Hi Shammer,

On 6/1/26 1:42 PM, Shameer Kolothum wrote:
> Add an overview describing the Tegra241 CMDQV passthrough model, MMIO
> layout, guest-driven lifecycle, and per-VM isolation.
some suggestions inline. Thank you very much for the documentation
efforts! That's really helpful.
>
> Signed-off-by: Shameer Kolothum <[email protected]>
> ---
>  hw/arm/tegra241-cmdqv.c | 93 +++++++++++++++++++++++++++++++++++++++++
>  1 file changed, 93 insertions(+)
>
> diff --git a/hw/arm/tegra241-cmdqv.c b/hw/arm/tegra241-cmdqv.c
> index 4dba1783fa..5dbf68b421 100644
> --- a/hw/arm/tegra241-cmdqv.c
> +++ b/hw/arm/tegra241-cmdqv.c
> @@ -7,6 +7,99 @@
>   * SPDX-License-Identifier: GPL-2.0-or-later
>   */
>  
> +/*
> + * Tegra241 CMDQV - overview
> + * =========================
> + *
> + * NVIDIA Tegra241 extends SMMUv3 with a Command Queue Virtualization 
> (CMDQ-V)
> + * block. It lets a guest issue SMMU invalidation commands directly to
> + * dedicated hardware queues (vCMDQs) without trapping into the hypervisor on
> + * the fast path. vCMDQs are grouped into Virtual Interfaces (VINTFs); the
s/are grouped/are exclusively allocated to VINTFS?

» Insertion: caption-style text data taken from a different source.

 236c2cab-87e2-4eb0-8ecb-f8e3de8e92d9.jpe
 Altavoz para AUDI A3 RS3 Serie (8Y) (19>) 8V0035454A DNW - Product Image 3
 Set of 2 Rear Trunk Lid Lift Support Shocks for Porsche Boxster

> + * host kernel allocates one VINTF per emulated SMMUv3 instance via iommufd.
> + * QEMU emulates the CMDQV MMIO region and drives the host kernel calls
> + * (VIOMMU_ALLOC, HW_QUEUE_ALLOC, mmap); the actual command processing
> + * happens on real hardware.
> + *
> + * A vCMDQ becomes functional only once allocated to a VINTF; until then,
> + * register accesses only touch the QEMU-side cache and no command
> + * processing happens. After allocation, command processing runs on the
state is migrated from cache to HW and command processing ...

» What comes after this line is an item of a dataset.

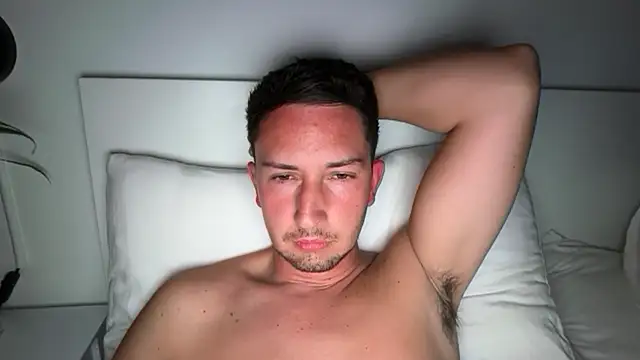 dirtyanal23 online show from 07-21-26, 11:07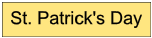 St. Patrick's Day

> + * host hardware, and guest accesses to the live control/status registers
> + * bypass QEMU and reach the host directly.
> + *
> + * MMIO layout (64KB pages, total TEGRA241_CMDQV_IO_LEN)
> + * -----------------------------------------------------
> + * The direct vCMDQ apertures (0x10000/0x20000) are HW aliases of the VINTF
> + * apertures (0x30000/0x40000); they expose the same per-vCMDQ register slots
> + * under different addressing.
I would put above sentence after the layout description.
> + *
> + *   0x00000  CMDQV Config page: QEMU-trapped.
> + *   0x10000  Direct vCMDQ Page 0 (control/status): QEMU-trapped and routed
> + *            to either the mmap'd VINTF Page 0 (if the vCMDQ has been
> + *            allocated to a VINTF) or a per-vCMDQ register cache 
> (otherwise).
> + *   0x20000  Direct vCMDQ Page 1 (BASE / DRAM addresses): QEMU-trapped.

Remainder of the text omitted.